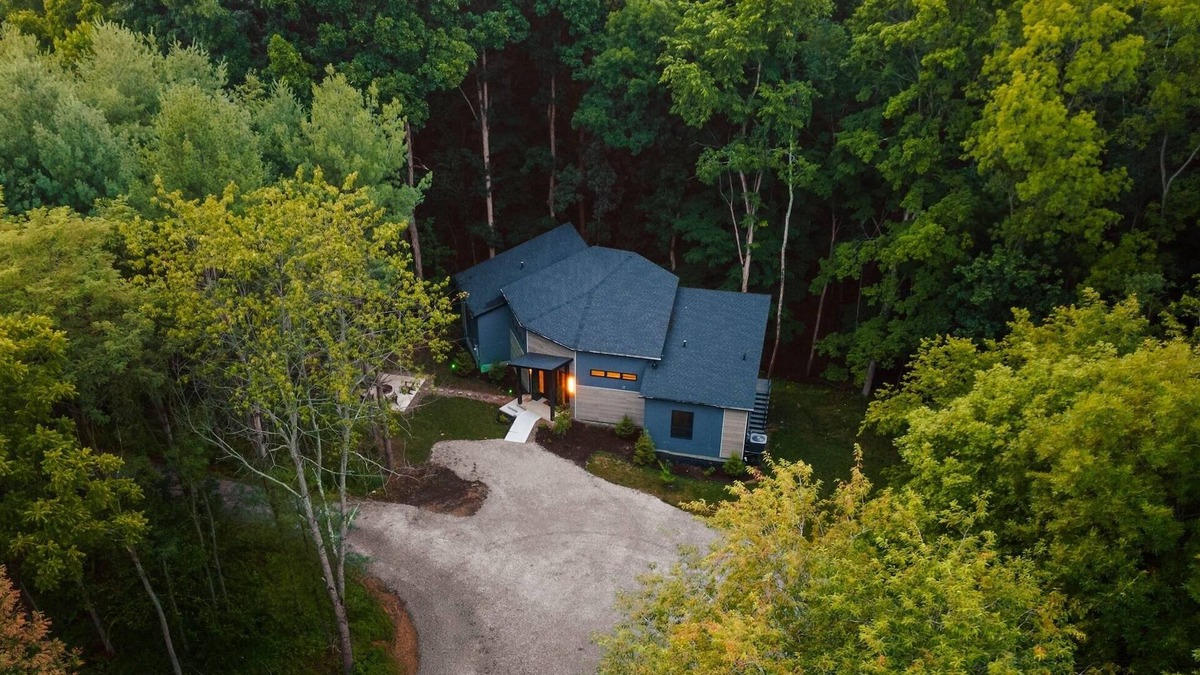 Laurelville Cabin | Penthouse in the Trees : 15 minutes to Hocking Hills State Park : Stunning Views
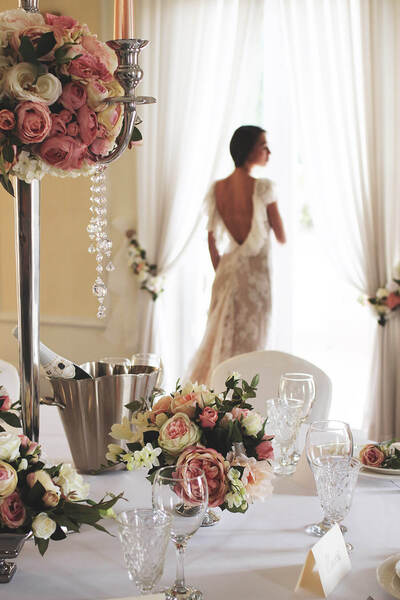 Wypożyczenie kandelabru z kulą kwiatową, Maria Antonina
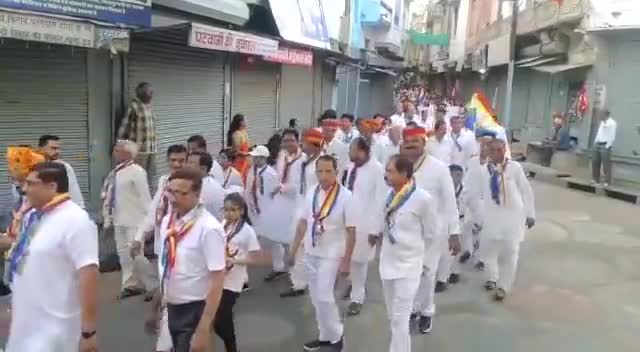 #डूंगरपुर में जैन समाज की ओर से भगवान महावीर का जन्मोत्सव आज जिलेभर में धूमधाम से मनाया जा रहा है।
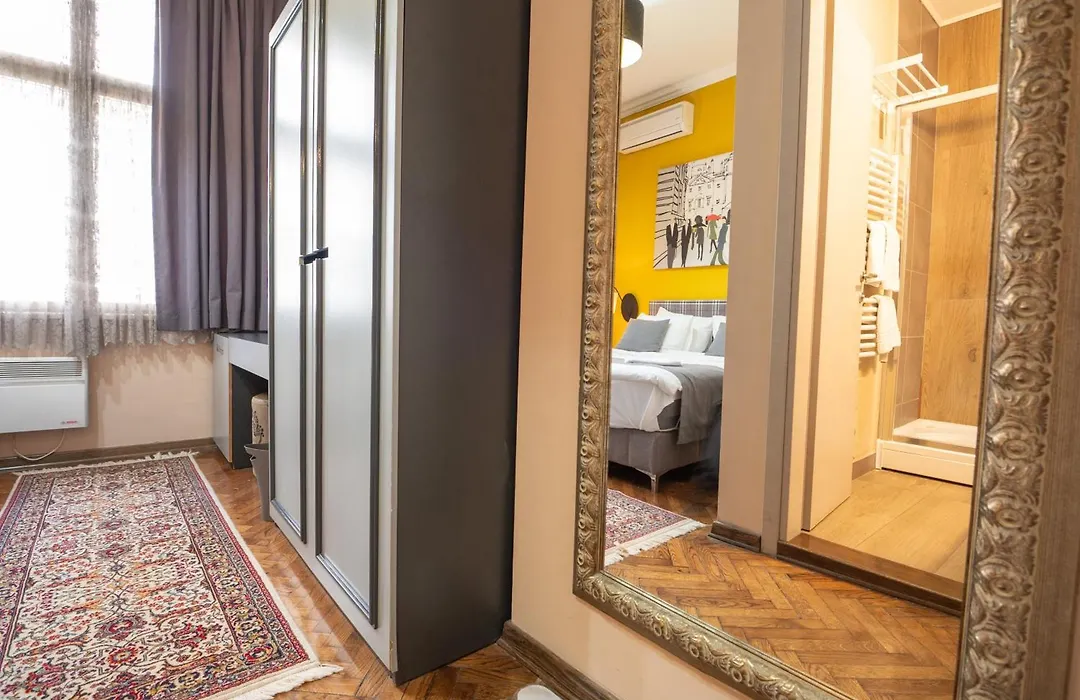Hotel London B&B-1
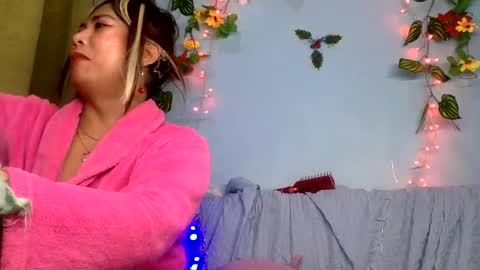 spicy online show from February 24, 10:04 am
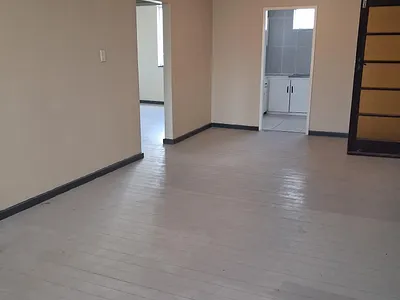 2 Bedroom Apartment To Rent in East London - 9aUM.webp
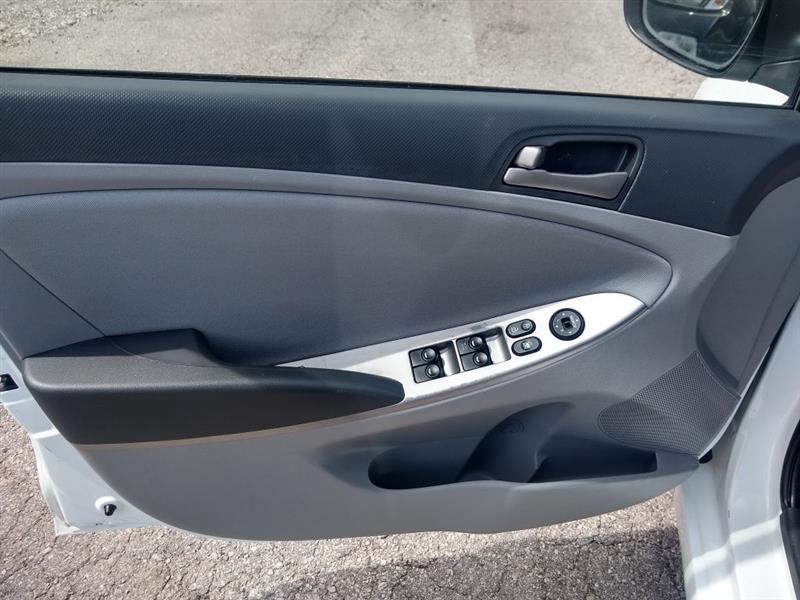 Hyundai Accent SE 4-Door 6A 2016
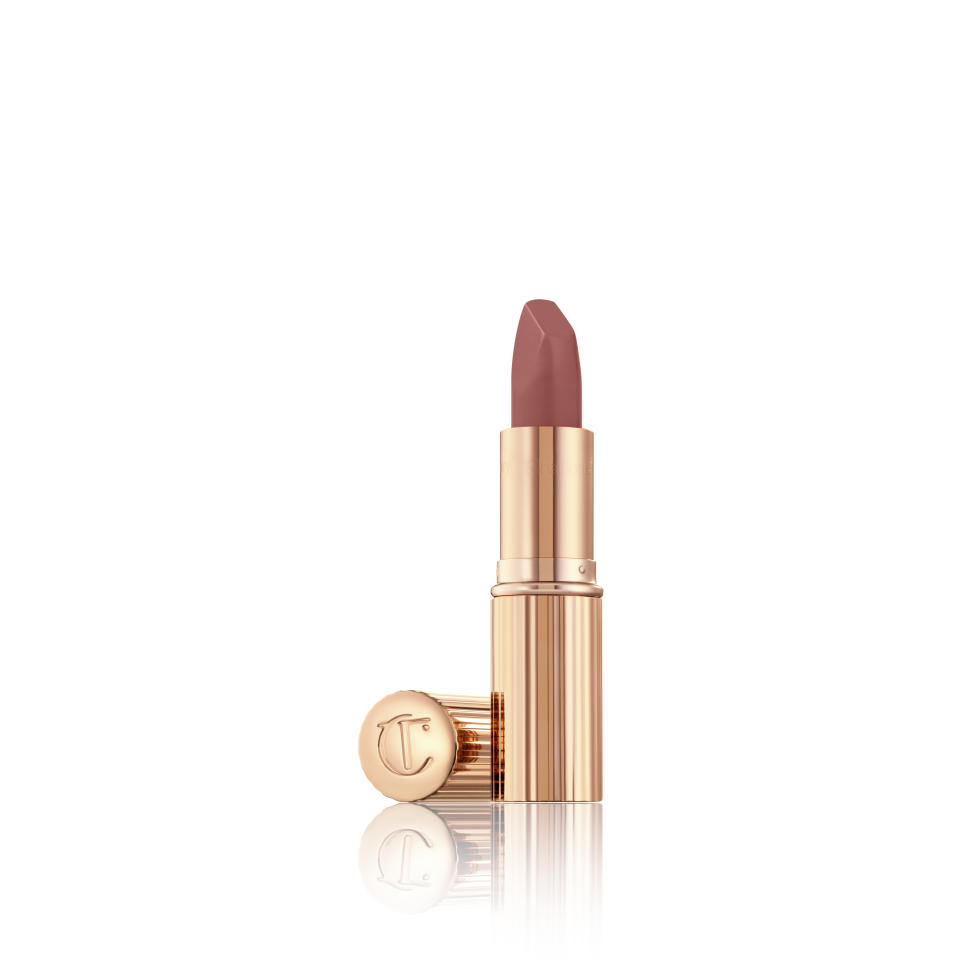 Matte Revolution lipstick in Pillow Talk Medium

*TASK BRIEF*: All that is needed is the span from the line with "spicy online show from February 24, 10:04 am" through the last line of the material above, reproduced exactly and free of pictures.

*EXPECTED ANSWER*:
 spicy online show from February 24, 10:04 am
 2 Bedroom Apartment To Rent in East London - 9aUM.webp
 Hyundai Accent SE 4-Door 6A 2016
 Matte Revolution lipstick in Pillow Talk Medium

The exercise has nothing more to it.